Re: NFS client/buffer cache deadlock

2005-05-03 Thread Brian Fundakowski Feldman
On Tue, May 03, 2005 at 11:47:00AM +0200, Marc Olzheim wrote:
 On Wed, Apr 27, 2005 at 12:08:57PM -0400, Brian Fundakowski Feldman wrote:
  Alright, this will do synchronous, instead of short, writes (also,
  of course, not deadlock the system) if you are trying to use an
  excessively large buffer size.
  
  http://green.homeunix.org/~green/nfs_client.deadlock.patch
  http://green.homeunix.org/~green/nfs_client.deadlock.HEAD.patch
 
 Will this be incorporated in time for 5.4 ?

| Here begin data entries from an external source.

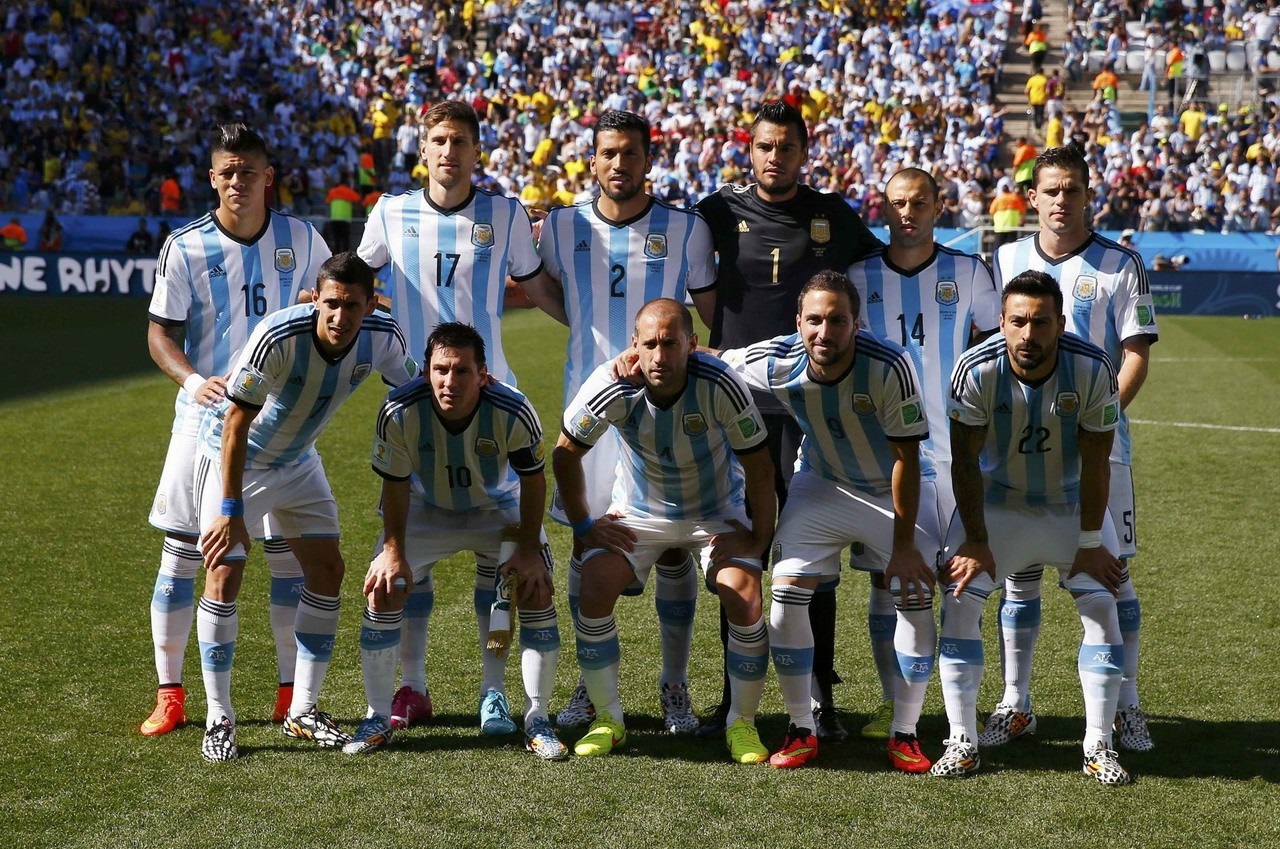 执教过多支德甲球队，记者：拉巴迪亚曾进入国足选帅最终阶段（曾执教多支德甲队，记者称拉巴迪亚一度跻身国足选帅最终环节）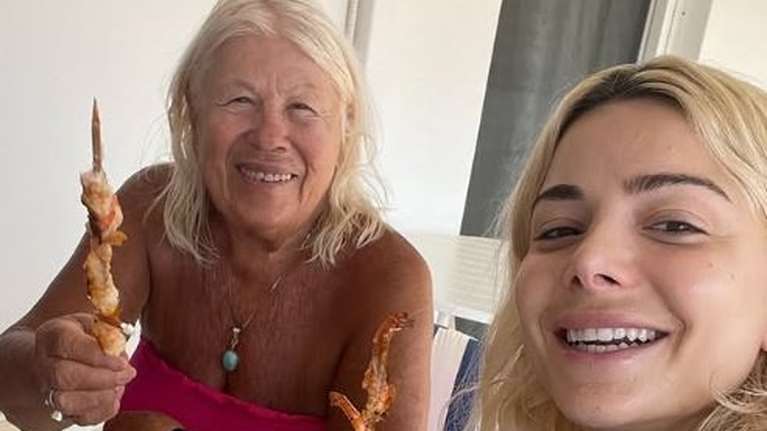 Ζόζεφιν: Το συγκινητικό μήνυμα για τον θάνατο της γιαγιάς της - &quot;Ήσουν η δεύτερη μαμά μου&quot;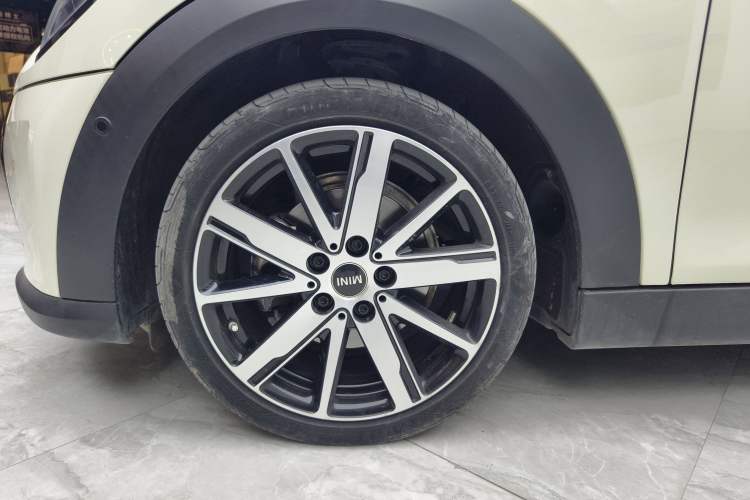 Used MINI 2023 Updated 1.5T COOPER Artist Five-Door Edition Front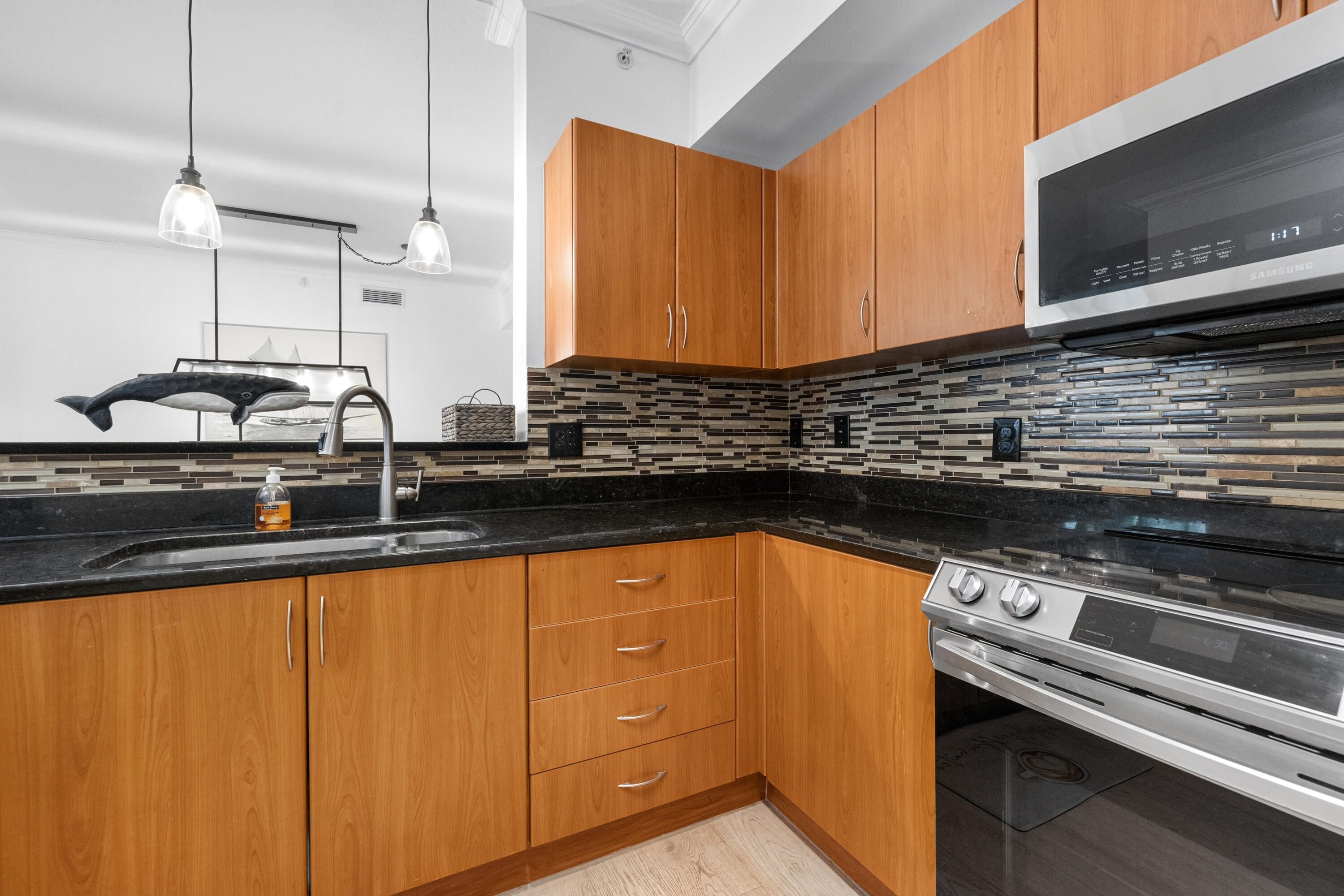 806 E Windward #213, Lantana FL 33462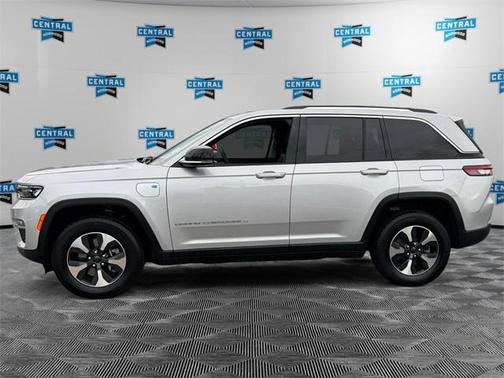 2023 Jeep Grand Cherokee 4xe Base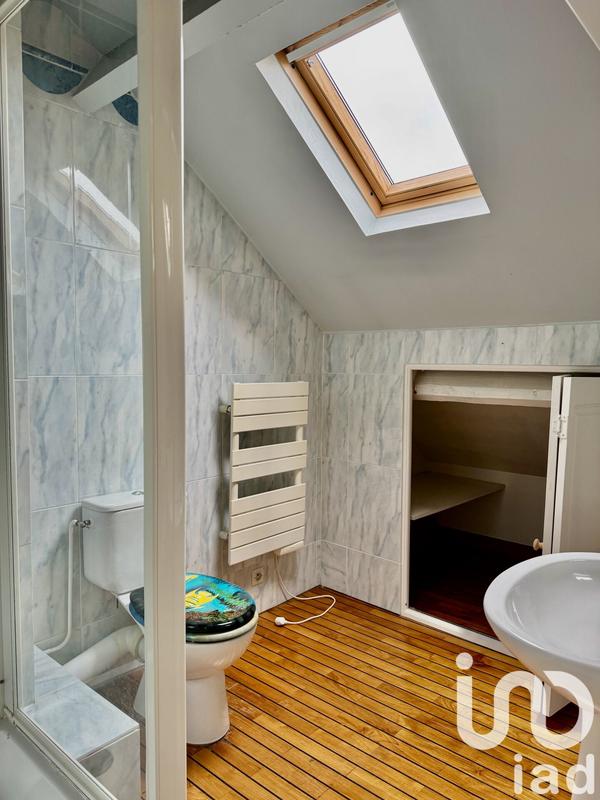 Maison - 200 m² - 7 pièces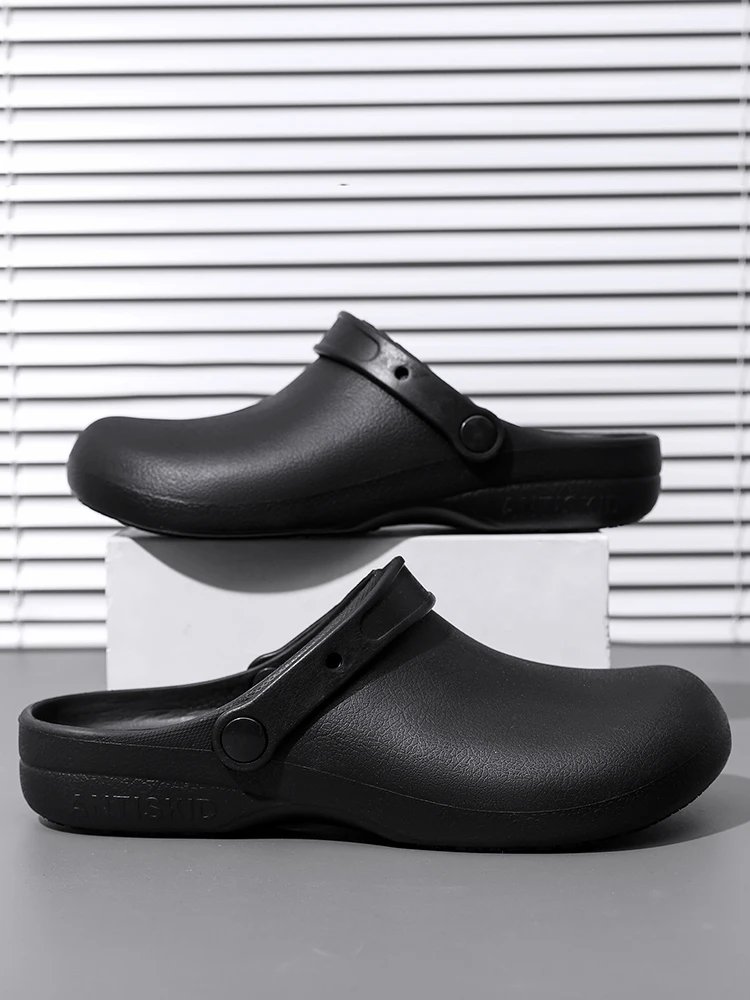2025 New Fashion Men's Slip-On Half-Mule Closed-Toe Non-Slip Work Shoes Chef Shoes Lightweight Beach Shoes Casual Men's Shoes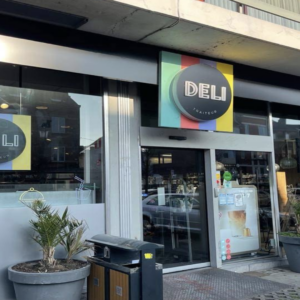 façade moderne d’un deli traiteur avec vitrines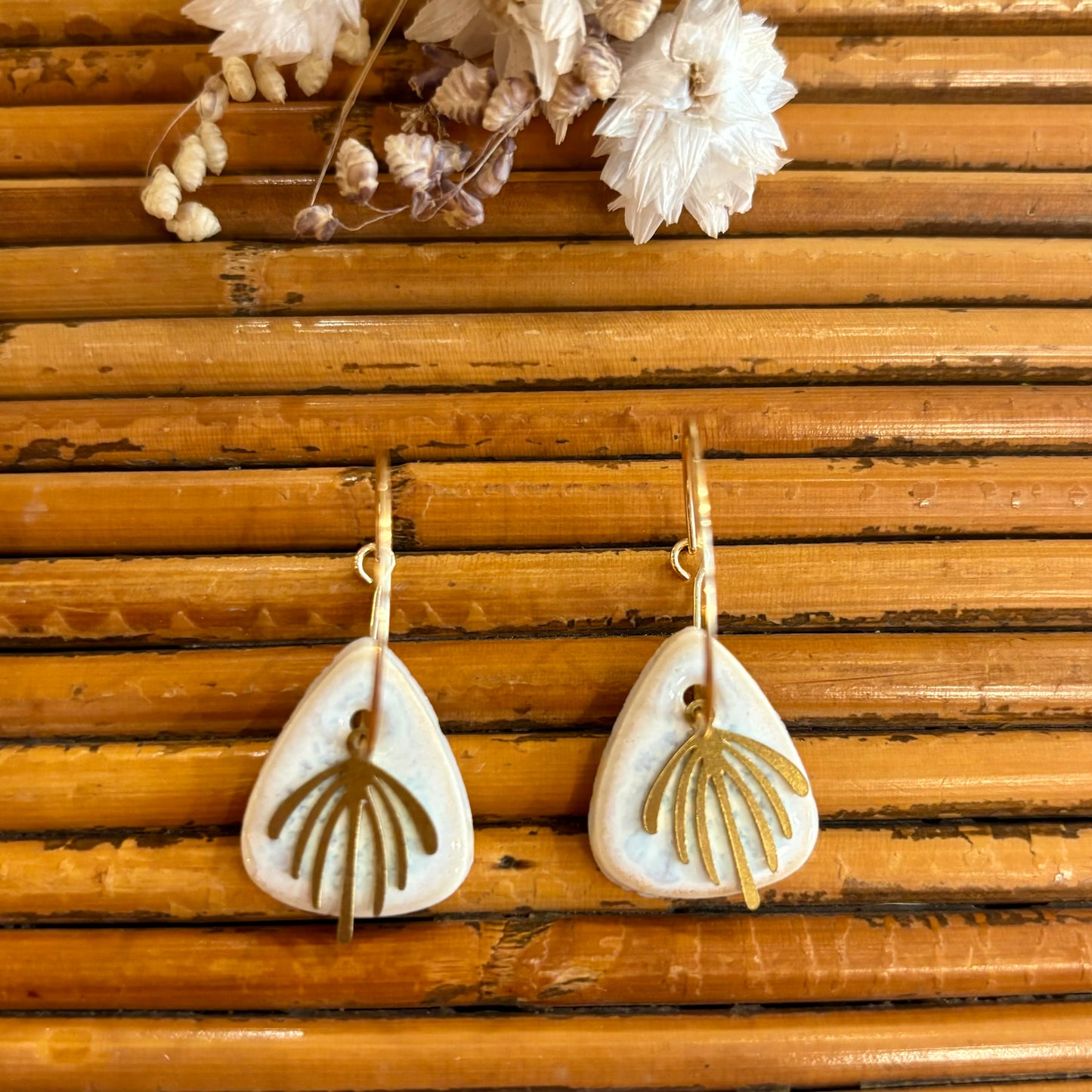 Boucles d'oreilles en céramique goutte tachetée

It really needs someone else to review the code changes more than just
conceptually to make this kind of an adjustment before release.  It
is not truly an optimal solution, as fully synchronous writes are not
necessary; just limiting the write window size and requiring posted
transactions to complete before queueing up more is.  Doing that is
more error-prone, however, and would I think complicate things just to
optimize the speed of a rare case.

Still, there are probably a few who would object, in which case they
should do the work of optimizing that side case  ;) There's still
missing an actual mount_nfs(8) configuration flag and documentation,
but those things are trivial.

(Forwarded on to -current as well, for additional eyes/testers.)

-- 
Brian Fundakowski Feldman   \'[ FreeBSD ]''\
   [EMAIL PROTECTED]   \  The Power to Serve! \
 Opinions expressed are my own.   \,,\
___
freebsd-stable@freebsd.org mailing list
http://lists.freebsd.org/mailman/listinfo/freebsd-stable
To unsubscribe, send any mail to [EMAIL PROTECTED]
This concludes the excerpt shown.